If you’re too polite, or too low in the office hierarchy to put your feet on the desk and lean back, just try taking up some more space. Putting your hands on your hips with elbows out while widening your stance conveys a “large and in charge” image of confidence and competence. Like the previous power pose, this one also raises testosterone and lowers cortisol after as little as two minutes.
Chairs are also props in how we communicate with our bodies. As open-concept offices grow in popularity, the backs of chairs have been rising to absorb background noise and to help us signal when we need privacy to concentrate and when we are open and available for conversation and collaboration.
Using your swivel chair to turn and face someone who addresses you, communicates not just that you can hear them, but that you are actively listening. Wheels that enable us to move closer to those we’re meeting with conveys how easily co-workers can come together when team work is required intellectually, not just in terms of physical space.
In the cafeteria or office lounge, the more comfortable the person, the lower they hold their coffee mugs. When we are feeling uncomfortable in spaces or with specific people, we tend to hold objects like coffee cups or file folders, closer to our hearts. It creates a barrier, whether real or implied. When we’re at ease, we hold things closer to our waists, which are softer and more expansive.

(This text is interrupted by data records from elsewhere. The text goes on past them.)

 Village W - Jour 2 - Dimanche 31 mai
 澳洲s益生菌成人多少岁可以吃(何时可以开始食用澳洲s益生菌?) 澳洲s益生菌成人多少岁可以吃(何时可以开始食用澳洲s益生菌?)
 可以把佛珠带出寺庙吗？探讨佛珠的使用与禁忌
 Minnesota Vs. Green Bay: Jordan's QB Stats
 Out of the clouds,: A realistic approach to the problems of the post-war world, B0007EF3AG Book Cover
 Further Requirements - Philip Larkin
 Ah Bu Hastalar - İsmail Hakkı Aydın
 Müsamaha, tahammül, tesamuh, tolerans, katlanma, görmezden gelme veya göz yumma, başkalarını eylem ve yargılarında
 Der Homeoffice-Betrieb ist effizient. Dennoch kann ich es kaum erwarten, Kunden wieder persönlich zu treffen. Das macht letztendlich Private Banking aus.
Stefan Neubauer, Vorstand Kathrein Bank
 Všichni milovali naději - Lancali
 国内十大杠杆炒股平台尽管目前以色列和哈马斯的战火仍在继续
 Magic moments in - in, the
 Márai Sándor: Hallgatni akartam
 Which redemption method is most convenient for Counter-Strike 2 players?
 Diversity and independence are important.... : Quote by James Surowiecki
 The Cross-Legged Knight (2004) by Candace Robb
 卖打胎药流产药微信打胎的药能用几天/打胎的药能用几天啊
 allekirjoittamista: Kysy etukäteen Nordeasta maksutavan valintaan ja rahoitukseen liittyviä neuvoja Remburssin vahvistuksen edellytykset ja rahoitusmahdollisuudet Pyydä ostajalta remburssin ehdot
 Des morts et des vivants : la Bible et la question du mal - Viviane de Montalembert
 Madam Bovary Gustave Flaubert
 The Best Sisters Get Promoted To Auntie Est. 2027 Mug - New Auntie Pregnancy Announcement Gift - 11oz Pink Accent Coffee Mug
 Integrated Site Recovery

If you’re the first to arrive for lunch, choosing the seat at the head of the table can actually make you seem distant and unapproachable. To maximize social contact and casual conversation with your co-workers, choose the seat to the immediate left of the head of the table or the furthest right from the head of the table. Those positions are important in the boardroom too. The same positions enable smoothest transfer of power and responsibility, assuming that the boss will be sitting at the head of the table.